Exercise goal >>
Keep the pictures out of your copy. Transcribe the records below exactly.

The data >>
•••

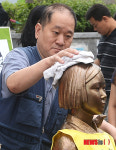 평화비 소녀상 닦는 시민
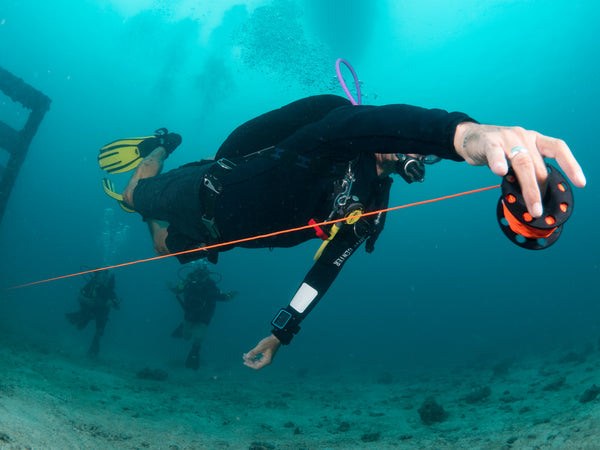 Koh Tao Dive instructor teaching in Open Water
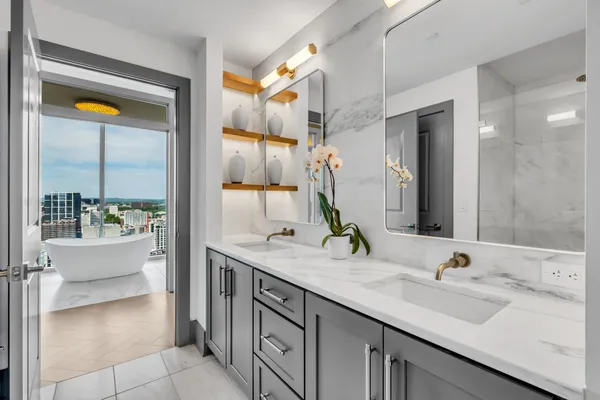 $1,850,000 | 1616 West End Avenue, Unit 2201, Nashville, TN 37203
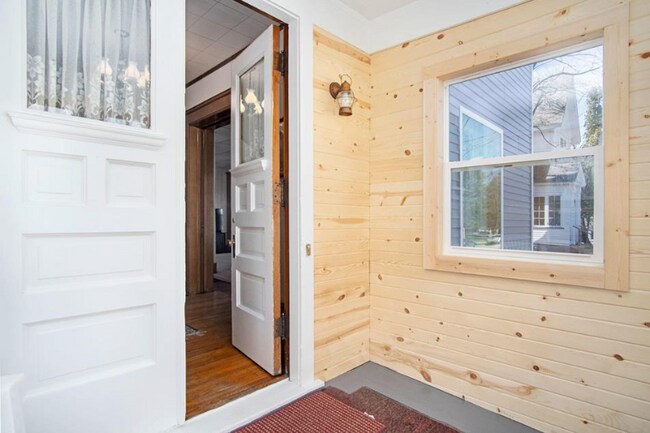 Foto del edificio - 307 Lincoln St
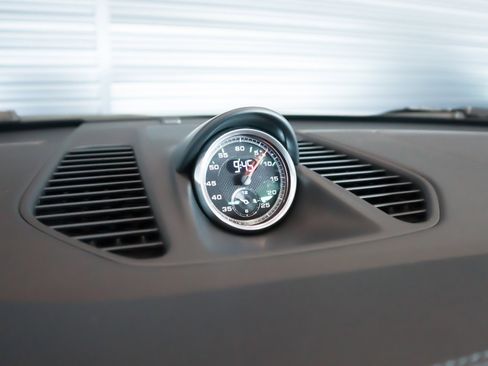 Used 2014 Porsche 911 Turbo image 21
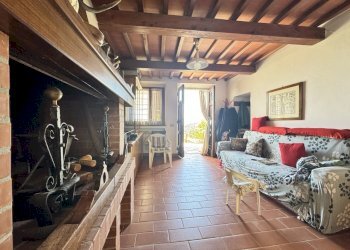 IMG_3048 - Casale Via delle Cavallaie 3, Cantagallo - foto 12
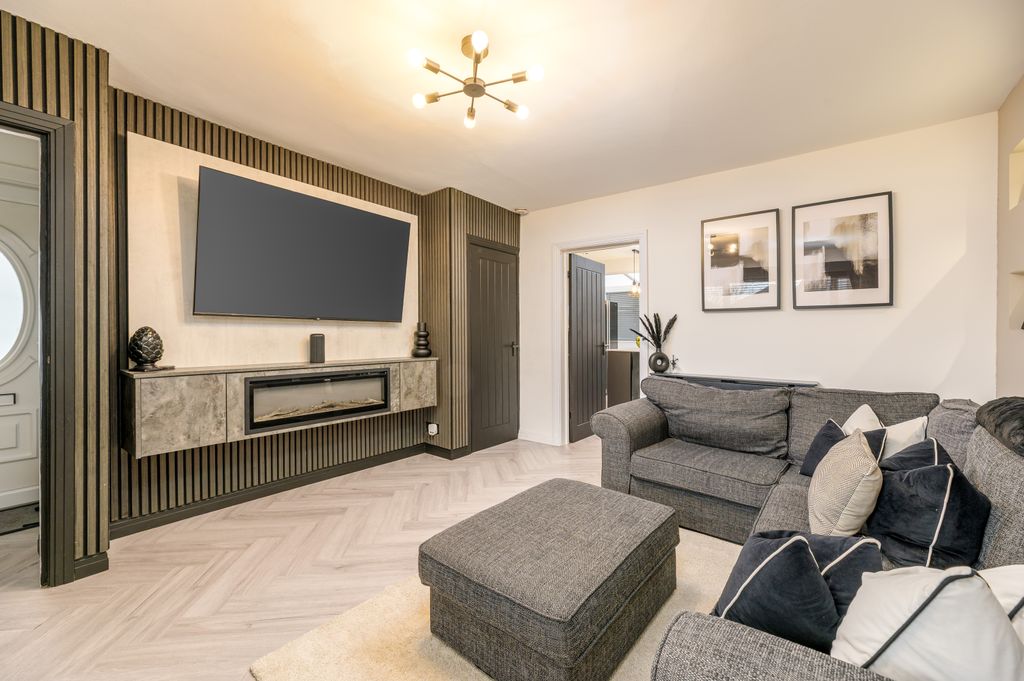 Property photo 3 of 28 04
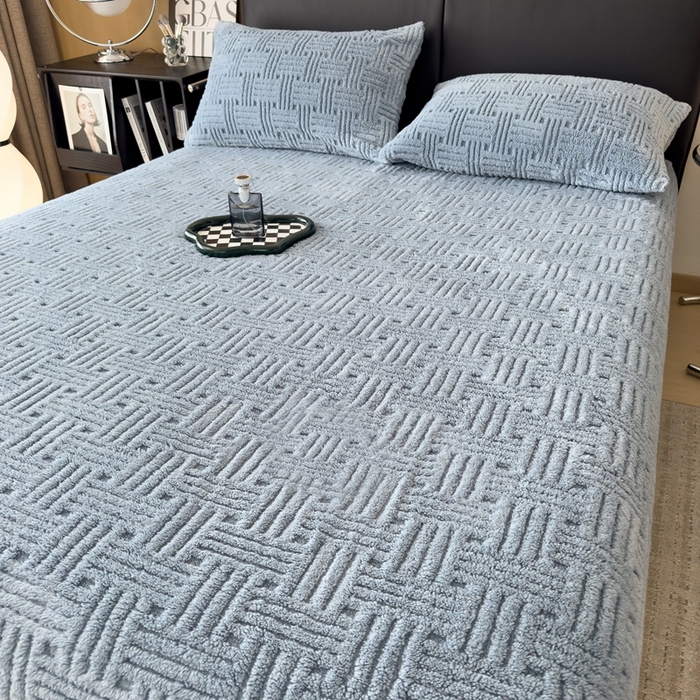 91家纺网 家纺一手货源 找家纺 欧邦2025新款提花舒棉绒塔芙绒床笠跨境-场景二 床笠款-贵族蓝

•••

Answer area >>
 평화비 소녀상 닦는 시민
 Koh Tao Dive instructor teaching in Open Water
 $1,850,000 | 1616 West End Avenue, Unit 2201, Nashville, TN 37203
 Foto del edificio - 307 Lincoln St
 Used 2014 Porsche 911 Turbo image 21
 IMG_3048 - Casale Via delle Cavallaie 3, Cantagallo - foto 12
 Property photo 3 of 28 04
 91家纺网 家纺一手货源 找家纺 欧邦2025新款提花舒棉绒塔芙绒床笠跨境-场景二 床笠款-贵族蓝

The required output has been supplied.